◆ **PROBLEM TO WORK ON**
The material below holds a span beginning at the line with "Kayme 6 Layers" and ending at the line with "巨大なスクリプトメリーで写真 – Christmas". Quote that span exactly, both ends included, and only that span.

◆ **PROVIDED RECORDS**
++++
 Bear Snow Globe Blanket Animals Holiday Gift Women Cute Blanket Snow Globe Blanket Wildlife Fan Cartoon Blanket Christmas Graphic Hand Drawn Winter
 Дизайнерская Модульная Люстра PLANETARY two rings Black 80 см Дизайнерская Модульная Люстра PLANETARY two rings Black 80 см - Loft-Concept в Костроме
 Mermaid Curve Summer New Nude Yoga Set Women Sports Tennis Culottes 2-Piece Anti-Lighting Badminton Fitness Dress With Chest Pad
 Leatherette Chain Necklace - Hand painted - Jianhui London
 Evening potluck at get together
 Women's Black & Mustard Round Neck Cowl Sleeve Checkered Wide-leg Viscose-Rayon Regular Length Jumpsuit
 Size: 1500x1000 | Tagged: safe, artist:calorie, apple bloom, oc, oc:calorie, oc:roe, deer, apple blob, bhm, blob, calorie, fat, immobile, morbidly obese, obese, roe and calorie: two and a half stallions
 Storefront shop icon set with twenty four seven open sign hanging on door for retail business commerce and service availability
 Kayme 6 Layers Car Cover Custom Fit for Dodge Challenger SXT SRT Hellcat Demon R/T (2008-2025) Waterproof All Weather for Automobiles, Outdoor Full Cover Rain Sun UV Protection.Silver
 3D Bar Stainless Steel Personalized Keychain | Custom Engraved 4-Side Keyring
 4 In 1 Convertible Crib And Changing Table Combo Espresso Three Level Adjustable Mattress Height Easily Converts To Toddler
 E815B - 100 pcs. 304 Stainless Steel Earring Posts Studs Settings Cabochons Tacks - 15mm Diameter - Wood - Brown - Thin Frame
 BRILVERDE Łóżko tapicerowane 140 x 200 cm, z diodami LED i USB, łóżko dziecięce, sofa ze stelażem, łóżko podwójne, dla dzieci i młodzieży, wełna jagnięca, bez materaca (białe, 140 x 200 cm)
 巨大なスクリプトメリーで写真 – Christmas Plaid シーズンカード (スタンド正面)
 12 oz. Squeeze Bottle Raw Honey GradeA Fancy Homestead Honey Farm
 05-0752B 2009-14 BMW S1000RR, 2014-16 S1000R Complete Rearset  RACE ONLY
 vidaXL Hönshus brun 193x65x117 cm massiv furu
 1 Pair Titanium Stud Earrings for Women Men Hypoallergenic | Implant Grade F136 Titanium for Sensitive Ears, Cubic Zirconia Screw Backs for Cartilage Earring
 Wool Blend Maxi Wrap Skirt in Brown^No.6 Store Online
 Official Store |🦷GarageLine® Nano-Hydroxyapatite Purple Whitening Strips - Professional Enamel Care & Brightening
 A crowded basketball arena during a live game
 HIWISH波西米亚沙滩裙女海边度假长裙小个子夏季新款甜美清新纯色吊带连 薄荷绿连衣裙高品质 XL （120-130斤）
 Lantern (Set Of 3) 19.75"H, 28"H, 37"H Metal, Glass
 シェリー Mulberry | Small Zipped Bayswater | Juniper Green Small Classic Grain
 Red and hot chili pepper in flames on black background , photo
++++
◆ **EXPECTED ANSWER**
 Kayme 6 Layers Car Cover Custom Fit for Dodge Challenger SXT SRT Hellcat Demon R/T (2008-2025) Waterproof All Weather for Automobiles, Outdoor Full Cover Rain Sun UV Protection.Silver
 3D Bar Stainless Steel Personalized Keychain | Custom Engraved 4-Side Keyring
 4 In 1 Convertible Crib And Changing Table Combo Espresso Three Level Adjustable Mattress Height Easily Converts To Toddler
 E815B - 100 pcs. 304 Stainless Steel Earring Posts Studs Settings Cabochons Tacks - 15mm Diameter - Wood - Brown - Thin Frame
 BRILVERDE Łóżko tapicerowane 140 x 200 cm, z diodami LED i USB, łóżko dziecięce, sofa ze stelażem, łóżko podwójne, dla dzieci i młodzieży, wełna jagnięca, bez materaca (białe, 140 x 200 cm)
 巨大なスクリプトメリーで写真 – Christmas Plaid シーズンカード (スタンド正面)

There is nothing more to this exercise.